Input |
----------

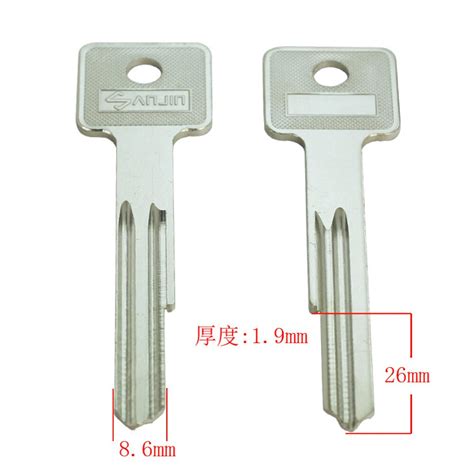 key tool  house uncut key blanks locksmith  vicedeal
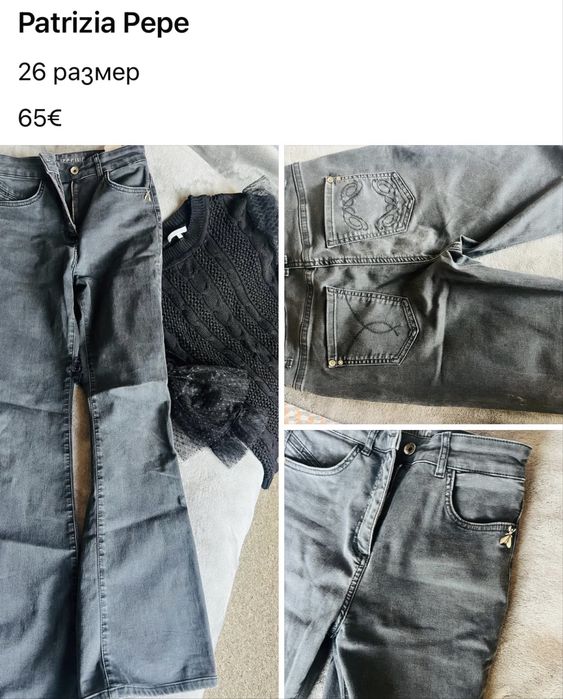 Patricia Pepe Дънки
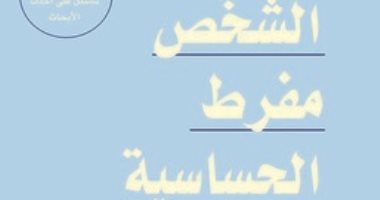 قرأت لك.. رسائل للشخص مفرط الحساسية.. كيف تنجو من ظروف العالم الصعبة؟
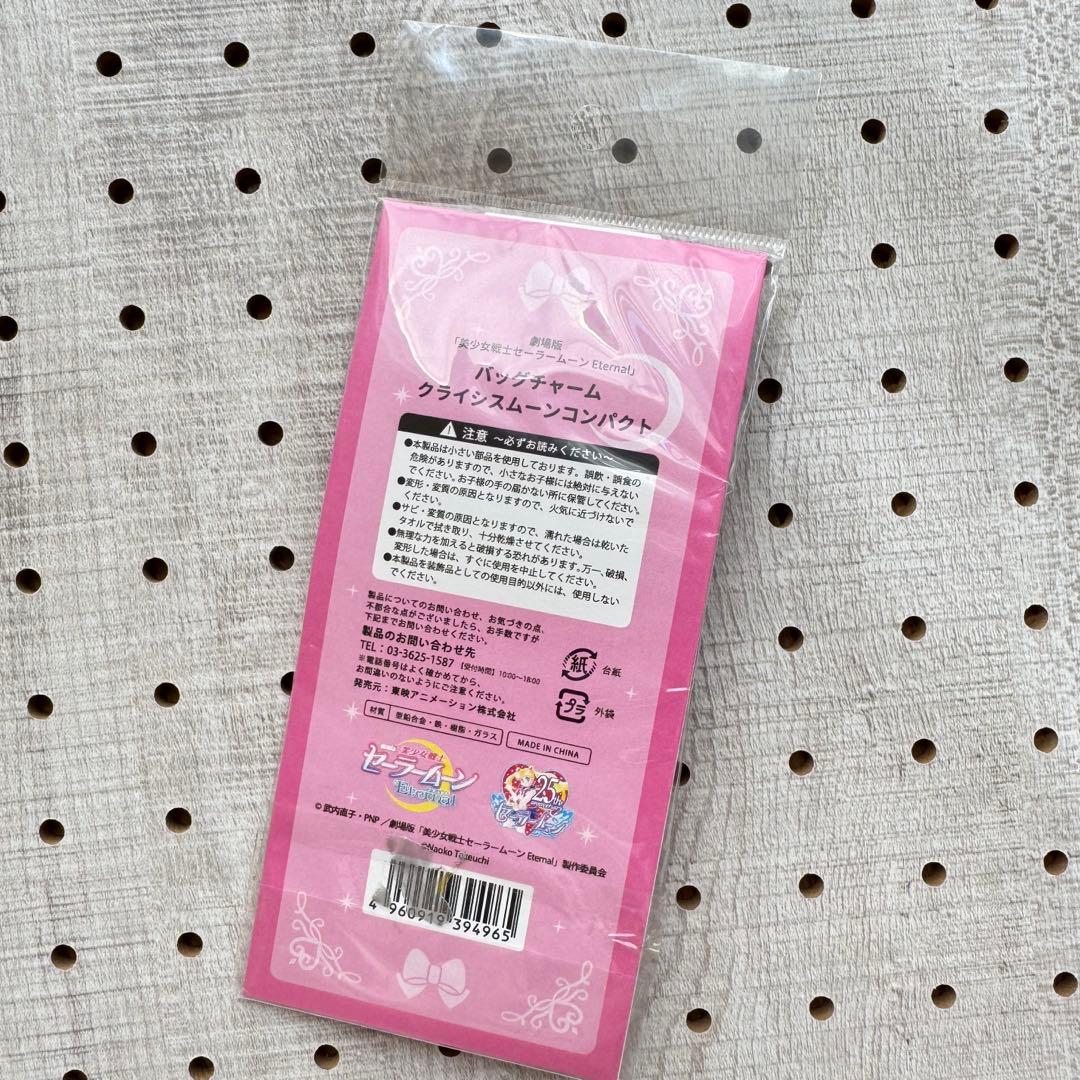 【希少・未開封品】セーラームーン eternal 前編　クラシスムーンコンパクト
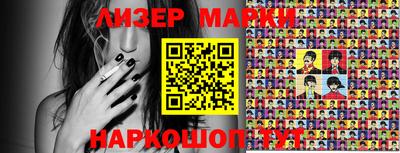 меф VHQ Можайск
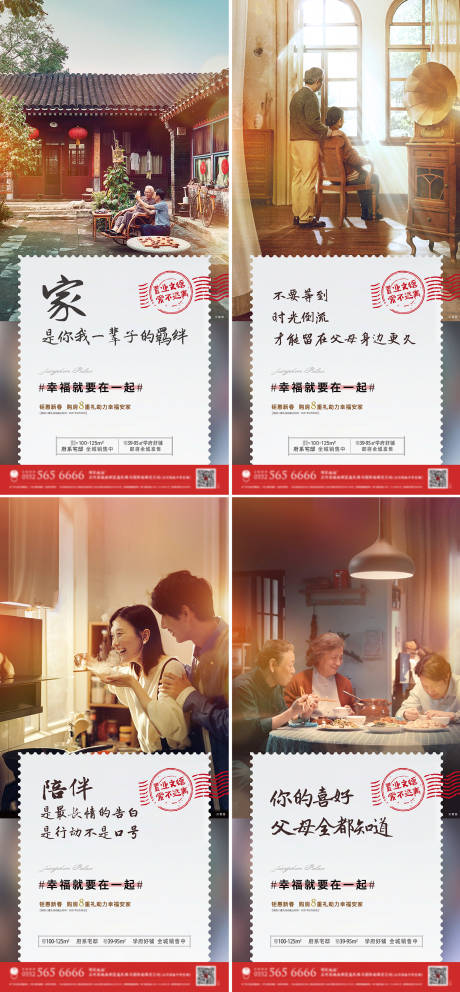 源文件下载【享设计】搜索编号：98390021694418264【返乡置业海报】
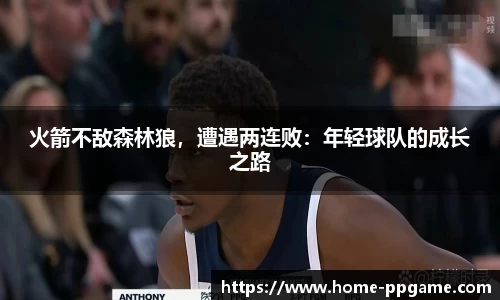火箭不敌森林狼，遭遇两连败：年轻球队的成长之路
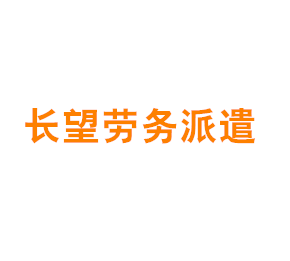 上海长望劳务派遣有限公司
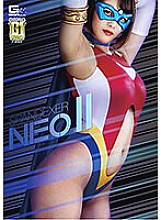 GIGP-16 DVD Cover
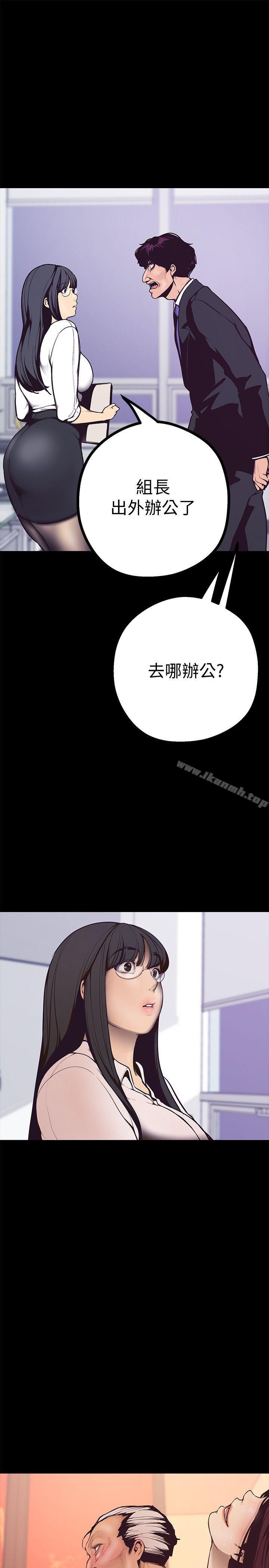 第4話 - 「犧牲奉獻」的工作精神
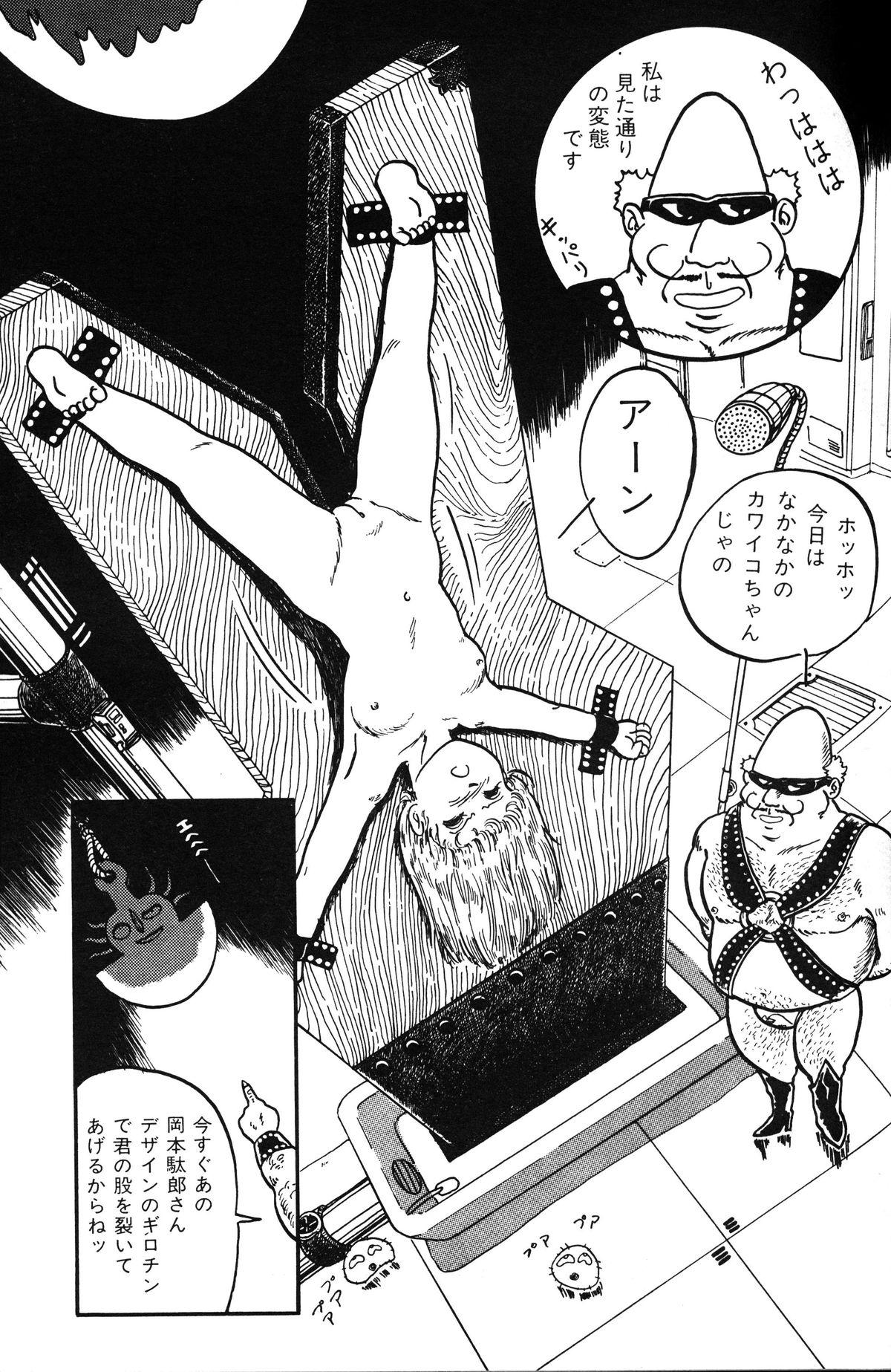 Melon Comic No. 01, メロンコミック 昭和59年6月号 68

----------

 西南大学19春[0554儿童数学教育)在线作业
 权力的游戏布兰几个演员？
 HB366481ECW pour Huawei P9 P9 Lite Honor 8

----------

Assignment |
Copy out exactly the lines above beginning with the line that contains "قرأت لك.. رسائل" and finishing with the line that contains "Melon Comic No. 01, メロンコミック 昭和59年6月号 68", including both; leave the pictures out.

Expected answer |
 قرأت لك.. رسائل للشخص مفرط الحساسية.. كيف تنجو من ظروف العالم الصعبة؟
 【希少・未開封品】セーラームーン eternal 前編　クラシスムーンコンパクト
 меф VHQ Можайск
 源文件下载【享设计】搜索编号：98390021694418264【返乡置业海报】
火箭不敌森林狼，遭遇两连败：年轻球队的成长之路
 上海长望劳务派遣有限公司
 GIGP-16 DVD Cover
 第4話 - 「犧牲奉獻」的工作精神
 Melon Comic No. 01, メロンコミック 昭和59年6月号 68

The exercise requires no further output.